Each entry has to be printed again exactly.
:: RECORDS SHOWN
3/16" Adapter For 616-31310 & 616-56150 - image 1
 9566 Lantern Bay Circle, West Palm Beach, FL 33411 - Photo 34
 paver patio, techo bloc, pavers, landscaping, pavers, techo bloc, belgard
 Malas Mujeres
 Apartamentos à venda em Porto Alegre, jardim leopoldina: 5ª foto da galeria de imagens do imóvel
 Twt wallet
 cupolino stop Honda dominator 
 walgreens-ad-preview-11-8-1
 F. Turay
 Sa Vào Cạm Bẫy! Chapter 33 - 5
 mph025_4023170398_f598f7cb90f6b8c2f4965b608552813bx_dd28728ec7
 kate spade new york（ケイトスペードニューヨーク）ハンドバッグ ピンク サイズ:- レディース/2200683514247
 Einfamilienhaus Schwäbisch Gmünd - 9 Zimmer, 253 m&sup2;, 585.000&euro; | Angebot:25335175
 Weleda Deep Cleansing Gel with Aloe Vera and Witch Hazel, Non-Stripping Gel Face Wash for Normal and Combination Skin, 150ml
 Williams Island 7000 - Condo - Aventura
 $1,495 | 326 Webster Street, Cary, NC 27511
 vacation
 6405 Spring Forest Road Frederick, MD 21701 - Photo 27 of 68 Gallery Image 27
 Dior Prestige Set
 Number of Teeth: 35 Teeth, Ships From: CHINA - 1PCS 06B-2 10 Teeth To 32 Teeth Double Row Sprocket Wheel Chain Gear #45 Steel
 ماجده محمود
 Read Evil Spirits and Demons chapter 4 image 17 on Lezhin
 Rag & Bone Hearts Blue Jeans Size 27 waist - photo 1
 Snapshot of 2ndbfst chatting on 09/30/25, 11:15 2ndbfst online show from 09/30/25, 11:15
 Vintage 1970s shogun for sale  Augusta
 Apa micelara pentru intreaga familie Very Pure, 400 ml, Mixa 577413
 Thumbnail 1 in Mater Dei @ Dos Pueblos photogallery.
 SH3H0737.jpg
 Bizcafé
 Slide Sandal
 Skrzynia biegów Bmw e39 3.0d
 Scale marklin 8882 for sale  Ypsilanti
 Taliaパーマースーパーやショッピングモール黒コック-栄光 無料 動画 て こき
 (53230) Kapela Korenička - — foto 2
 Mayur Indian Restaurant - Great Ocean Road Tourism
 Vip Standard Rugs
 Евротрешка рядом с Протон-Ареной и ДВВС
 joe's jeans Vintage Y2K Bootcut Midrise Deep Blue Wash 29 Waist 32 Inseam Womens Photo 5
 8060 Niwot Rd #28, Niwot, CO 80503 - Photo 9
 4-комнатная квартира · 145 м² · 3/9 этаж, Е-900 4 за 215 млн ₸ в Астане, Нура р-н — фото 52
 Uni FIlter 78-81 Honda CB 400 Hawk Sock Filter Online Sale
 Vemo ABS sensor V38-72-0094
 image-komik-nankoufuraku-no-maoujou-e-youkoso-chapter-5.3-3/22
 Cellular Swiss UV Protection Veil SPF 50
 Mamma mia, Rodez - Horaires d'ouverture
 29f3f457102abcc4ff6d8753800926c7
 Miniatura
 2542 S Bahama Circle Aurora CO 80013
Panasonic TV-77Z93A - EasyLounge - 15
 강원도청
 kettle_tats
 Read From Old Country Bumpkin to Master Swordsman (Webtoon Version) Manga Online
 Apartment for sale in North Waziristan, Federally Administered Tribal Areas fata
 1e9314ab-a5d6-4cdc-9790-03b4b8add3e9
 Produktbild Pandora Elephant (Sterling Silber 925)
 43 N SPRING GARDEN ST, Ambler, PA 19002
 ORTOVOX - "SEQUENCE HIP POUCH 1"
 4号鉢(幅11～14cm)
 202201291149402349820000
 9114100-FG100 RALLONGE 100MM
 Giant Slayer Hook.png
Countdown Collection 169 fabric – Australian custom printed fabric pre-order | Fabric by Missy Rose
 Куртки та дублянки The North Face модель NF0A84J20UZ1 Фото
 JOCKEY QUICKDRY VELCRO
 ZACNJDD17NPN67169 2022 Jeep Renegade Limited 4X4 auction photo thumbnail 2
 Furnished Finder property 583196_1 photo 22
::::
WRITTEN SOLUTION:
3/16" Adapter For 616-31310 & 616-56150 - image 1
 9566 Lantern Bay Circle, West Palm Beach, FL 33411 - Photo 34
 paver patio, techo bloc, pavers, landscaping, pavers, techo bloc, belgard
 Malas Mujeres
 Apartamentos à venda em Porto Alegre, jardim leopoldina: 5ª foto da galeria de imagens do imóvel
 Twt wallet
 cupolino stop Honda dominator 
 walgreens-ad-preview-11-8-1
 F. Turay
 Sa Vào Cạm Bẫy! Chapter 33 - 5
 mph025_4023170398_f598f7cb90f6b8c2f4965b608552813bx_dd28728ec7
 kate spade new york（ケイトスペードニューヨーク）ハンドバッグ ピンク サイズ:- レディース/2200683514247
 Einfamilienhaus Schwäbisch Gmünd - 9 Zimmer, 253 m&sup2;, 585.000&euro; | Angebot:25335175
 Weleda Deep Cleansing Gel with Aloe Vera and Witch Hazel, Non-Stripping Gel Face Wash for Normal and Combination Skin, 150ml
 Williams Island 7000 - Condo - Aventura
 $1,495 | 326 Webster Street, Cary, NC 27511
 vacation
 6405 Spring Forest Road Frederick, MD 21701 - Photo 27 of 68 Gallery Image 27
 Dior Prestige Set
 Number of Teeth: 35 Teeth, Ships From: CHINA - 1PCS 06B-2 10 Teeth To 32 Teeth Double Row Sprocket Wheel Chain Gear #45 Steel
 ماجده محمود
 Read Evil Spirits and Demons chapter 4 image 17 on Lezhin
 Rag & Bone Hearts Blue Jeans Size 27 waist - photo 1
 Snapshot of 2ndbfst chatting on 09/30/25, 11:15 2ndbfst online show from 09/30/25, 11:15
 Vintage 1970s shogun for sale  Augusta
 Apa micelara pentru intreaga familie Very Pure, 400 ml, Mixa 577413
 Thumbnail 1 in Mater Dei @ Dos Pueblos photogallery.
 SH3H0737.jpg
 Bizcafé
 Slide Sandal
 Skrzynia biegów Bmw e39 3.0d
 Scale marklin 8882 for sale  Ypsilanti
 Taliaパーマースーパーやショッピングモール黒コック-栄光 無料 動画 て こき
 (53230) Kapela Korenička - — foto 2
 Mayur Indian Restaurant - Great Ocean Road Tourism
 Vip Standard Rugs
 Евротрешка рядом с Протон-Ареной и ДВВС
 joe's jeans Vintage Y2K Bootcut Midrise Deep Blue Wash 29 Waist 32 Inseam Womens Photo 5
 8060 Niwot Rd #28, Niwot, CO 80503 - Photo 9
 4-комнатная квартира · 145 м² · 3/9 этаж, Е-900 4 за 215 млн ₸ в Астане, Нура р-н — фото 52
 Uni FIlter 78-81 Honda CB 400 Hawk Sock Filter Online Sale
 Vemo ABS sensor V38-72-0094
 image-komik-nankoufuraku-no-maoujou-e-youkoso-chapter-5.3-3/22
 Cellular Swiss UV Protection Veil SPF 50
 Mamma mia, Rodez - Horaires d'ouverture
 29f3f457102abcc4ff6d8753800926c7
 Miniatura
 2542 S Bahama Circle Aurora CO 80013
Panasonic TV-77Z93A - EasyLounge - 15
 강원도청
 kettle_tats
 Read From Old Country Bumpkin to Master Swordsman (Webtoon Version) Manga Online
 Apartment for sale in North Waziristan, Federally Administered Tribal Areas fata
 1e9314ab-a5d6-4cdc-9790-03b4b8add3e9
 Produktbild Pandora Elephant (Sterling Silber 925)
 43 N SPRING GARDEN ST, Ambler, PA 19002
 ORTOVOX - "SEQUENCE HIP POUCH 1"
 4号鉢(幅11～14cm)
 202201291149402349820000
 9114100-FG100 RALLONGE 100MM
 Giant Slayer Hook.png
Countdown Collection 169 fabric – Australian custom printed fabric pre-order | Fabric by Missy Rose
 Куртки та дублянки The North Face модель NF0A84J20UZ1 Фото
 JOCKEY QUICKDRY VELCRO
 ZACNJDD17NPN67169 2022 Jeep Renegade Limited 4X4 auction photo thumbnail 2
 Furnished Finder property 583196_1 photo 22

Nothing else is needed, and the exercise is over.